5. Faster execution with smarter use of AI and data

The AI wave has changed executive expectations. CEOs now know that content production, analysis, testing, and workflow speed can improve significantly with the right systems. They do not expect miracles, but they do expect progress. If competitors are moving faster through automation, experimentation, and insight generation, the CEO will expect marketing to keep up.

At the same time, many marketing teams are still struggling with disconnected data, unclear governance, and inefficient processes. CEOs want speed with discipline—not uncontrolled tool adoption, but practical gains in productivity and decision quality.

Why Most Marketing Teams Aren’t Delivering

They are reporting activity instead of influence

Perhaps the biggest problem is that many teams still define success in terms of outputs rather than business influence. Campaigns launched, emails sent, events held, social reach achieved—none of these are meaningless, but none of them are enough on their own. CEOs are trying to steer a company, not simply evaluate hustle.

When marketing reports remain disconnected from commercial outcomes, executive confidence erodes. The team may be working hard, even brilliantly, yet appear misaligned because its language does not match the priorities of the leadership team.

They are organized around channels, not customer journeys

In too many organizations, paid media, content, web, brand, operations, product marketing, and lifecycle sit beside each other rather than around the customer. This can create fragmented experiences and inefficient spending. Buyers do not experience a company as internal departments. They experience one brand, one value proposition, one journey.

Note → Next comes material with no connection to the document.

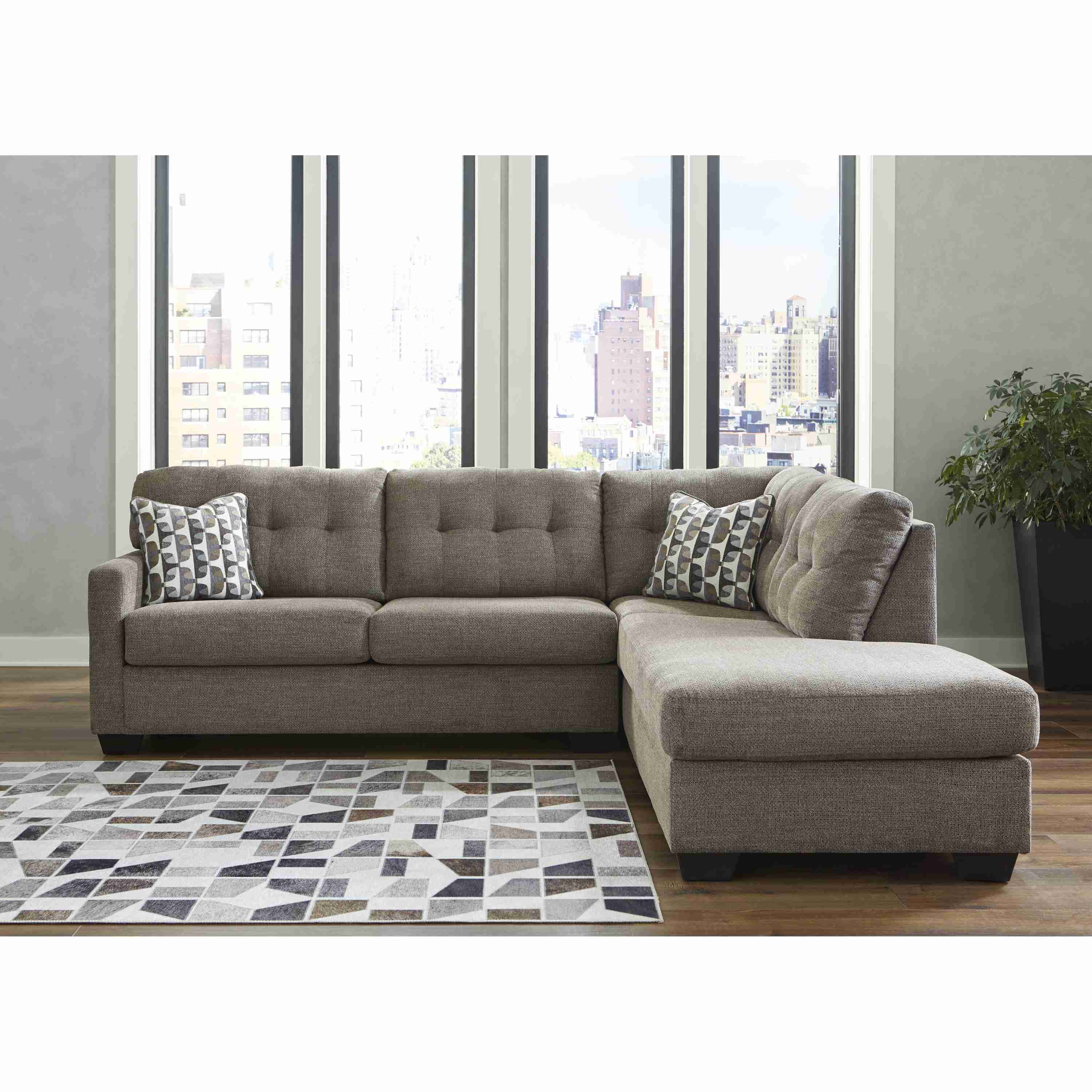 Signature Design by Ashley Mahoney 31005S4 2 pc Sleeper Sectional with Chaise - Image 3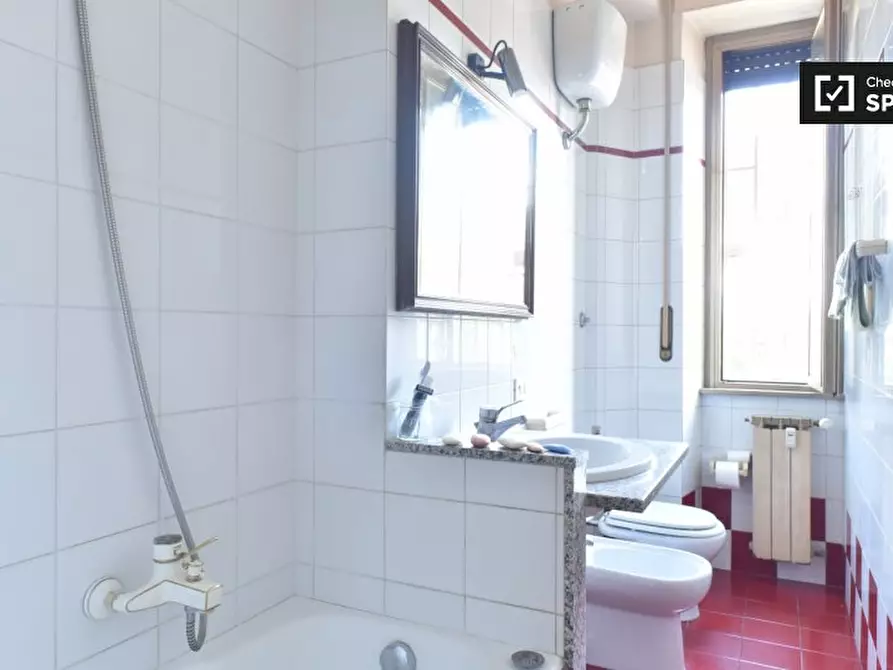 Immagine 7 di Camera condivisa in affitto  in Via Giovanni Battista Canobi, 00151 Roma RM, Italy a Roma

CEOs notice when that journey breaks down—especially when acquisition rises but conversion or retention lags.

They lack credible measurement frameworks

Attribution is still hard. Multi-touch journeys, privacy changes, dark social influence, offline effects, channel overlap, and long sales cycles all complicate measurement. But complexity is not an excuse for weak rigor. CEOs can tolerate imperfect measurement more than they can tolerate unclear thinking.

The strongest teams build a measurement model that combines attribution, media mix insight, pipeline analysis, cohort behavior, conversion quality, and customer economics. The weakest teams keep promising certainty they cannot produce.